(Short text fragments from websites)
++++++
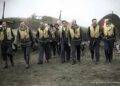 The Heroic Story of the 303 Polish Squadron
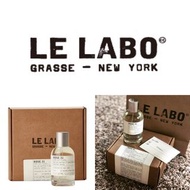 🫧LE LABO Rose 31 EDP香水 100ml🫧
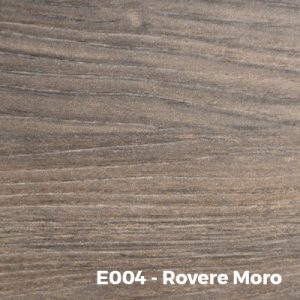 E004 - Rovere Moro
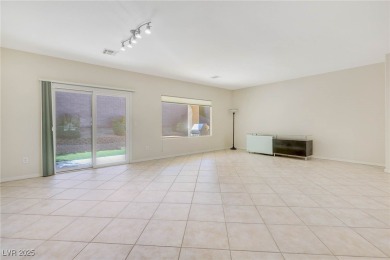 Beautifully maintained and upgraded Madison Model in Sun City on Revere Golf Club in Nevada - for sale on GolfHomes.com, golf home, golf lot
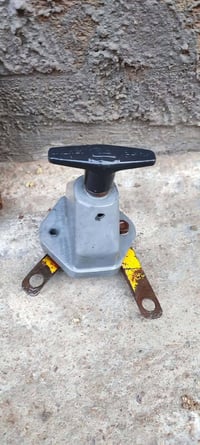 البيع انديسرات كاوسكي 70 ولاديات قاطع دوره بلادي 07855413912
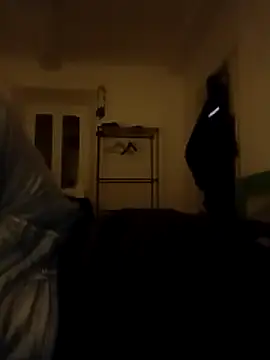 sasa89ita online show from 04/11/26, 01:35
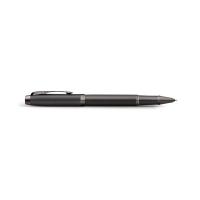 Product 5 image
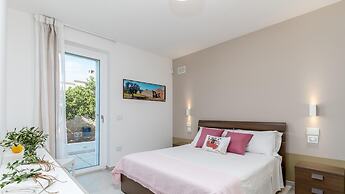 Villa I Chiani 8 Emma Villas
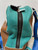 Used Christian Louboutin Xlarge Leather Handbag 60053-S000637415 View 6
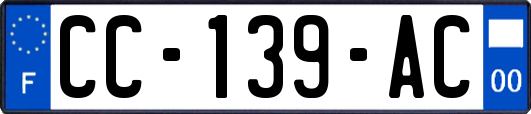 CC-139-AC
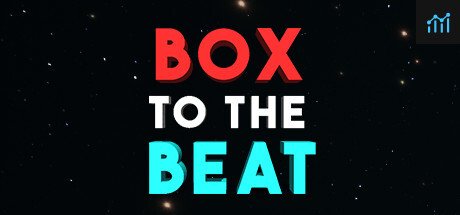 Box To The Beat VR PC Specs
++++++
## [What you need to do]
Only the lines from the one with "Villa I Chiani 8 Emma Villas" through the final line of the entries above should be transcribed, exactly and without pictures.

## [Result below]
 Villa I Chiani 8 Emma Villas
 Used Christian Louboutin Xlarge Leather Handbag 60053-S000637415 View 6
 CC-139-AC
 Box To The Beat VR PC Specs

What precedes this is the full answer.